Initial results of leaching tests were not available from this site, but results from a similar stabilization project were encouraging. Concentrations of contaminants in field-gathered leachate were typically 1.5 to 2.5 times lower than concentrations in fly ash alone. Furthermore, concentrations of contaminants found in field samples were similar or up to four times lower than the concentrations obtained in column leaching tests performed on the same materials in the laboratory.

New fly ash environmental screening tool

In the same session of the pavement conference, Paul Bloom, of the Department of Soil, Water, and Climate at the University of Minnesota, presented a new computer-based tool that screens fly ash for environmental contaminants.

At the outset of his presentation, Bloom posed the essential problem: "Fly ash has some elements at concentrations that are elevated compared to what you might find in normal soil… So how much can we add and still meet environmental guidelines?"

In response to this question, Bloom and his associates have developed a screening tool called STUWMPP (Screening Tool for Using Waste Materials in Paving Projects) (650 KB PDF). STUWMPP testing is based on concentration limits defined by the Minnesota Pollution Control Agency (MPCA) for 21 potentially harmful contaminants.

STUWMPP testing is based on the legal concept of due diligence, which Bloom defined as "the diligence exercised by a person who seeks to satisfy a legal requirement or obligation. What it means is you do your darnedest to meet the guidelines of the state."

Other basic assumptions

Screening using STUWMPP is based on several assumptions:

  • Maximum concentration levels are defined for both residential and industrial applications since inhabitants of a residential area—notably children—might be in the area 24 hours a day, while exposure in industrial areas is likely to be limited to 8 to 10 hours per day.
  • Harm may come either directly from the soil used on a site (through ingestion) or from water that has leached contaminants from soil. Therefore, STUWMPP contains two screening levels, called the Soil Reference Value (SRV) and the Soil Leaching Value (SLV); both levels must be passed.
  • SRV—the first tier of testing—assumes a worst-case scenario: that a road constructed with fly ash in the subgrade has been abandoned at some time in the past, and that the subgrade soil is then recovered and spread on the surface of land where housing is built. Therefore, SRV uses risk analysis to define soil concentrations that would protect human health when soil has been ingested.
  • SLV—the second tier of testing—contains standards for drinking water and mitigating factors that take into account rainfall, soil type, and distance to the water table.

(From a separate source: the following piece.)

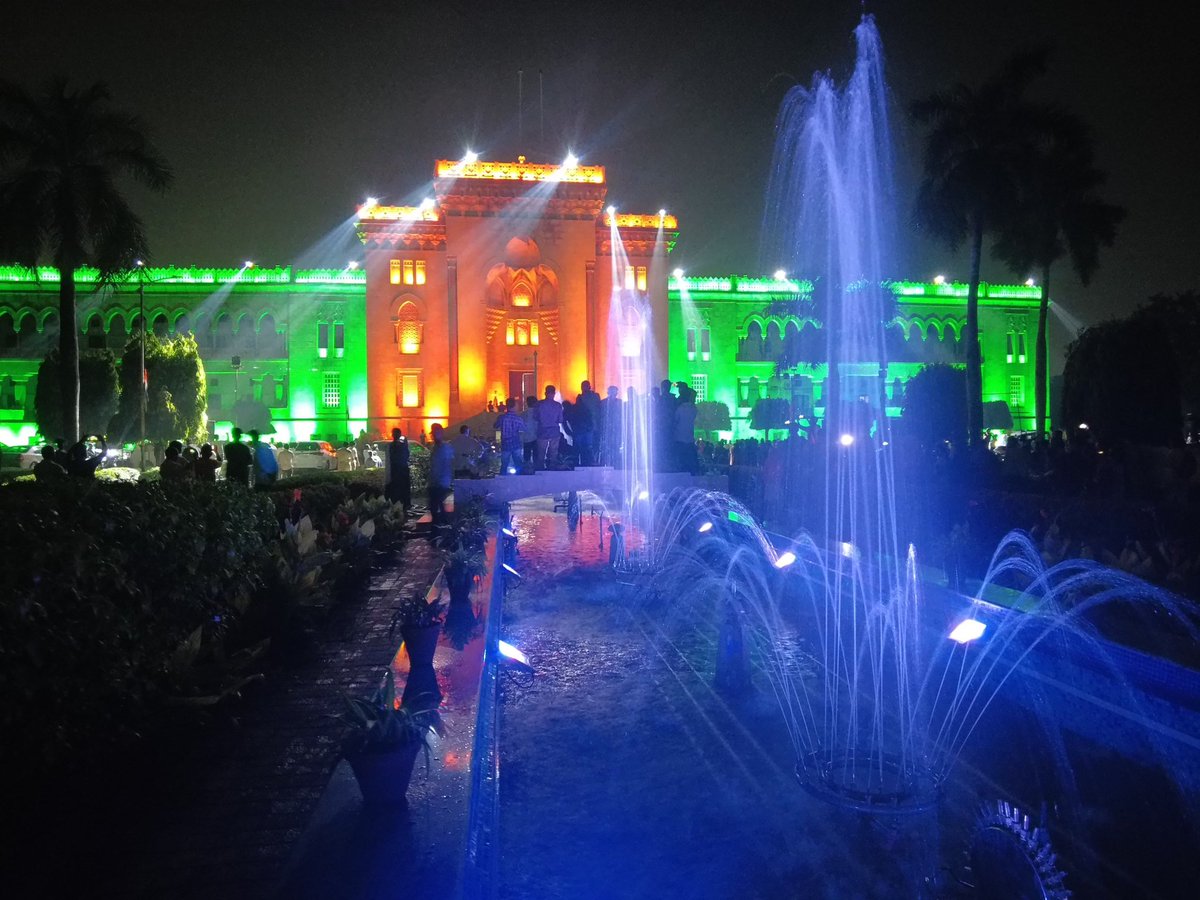 kishanreddybjp's tweet photo. Inaugurated the Dynamic Lighting System of Art College at the iconic Osmania University in Hyderabad, developed under the scheme of Assistance of Central Agencies of @tourismgoi, Govt of India.

The lighting system-laser light show will showcase the OU’s rich history & its contribution in various fields, including the struggle for statehood.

Bloom demonstrated how to use STUWMPP. The operator can select contaminant data sets obtained for common fly ash sources in the Midwest, such as power plants and factories, or plug in individual contaminant values from direct testing of site-specific fly ash and soil samples. If the latter is to be done, STUWMPP guidelines suggest:

  • Taking fly ash samples from each truckload.
  • Taking soil samples from the strata that will be mixed with the fly ash.
  • Sampling from every soil-mapping unit, a minimum of every 1,320 feet.

Bloom said STUWMPP is available for use by any public agency and that he and his associates are in the process of obtaining additional standard contaminant values for Midwestern sources.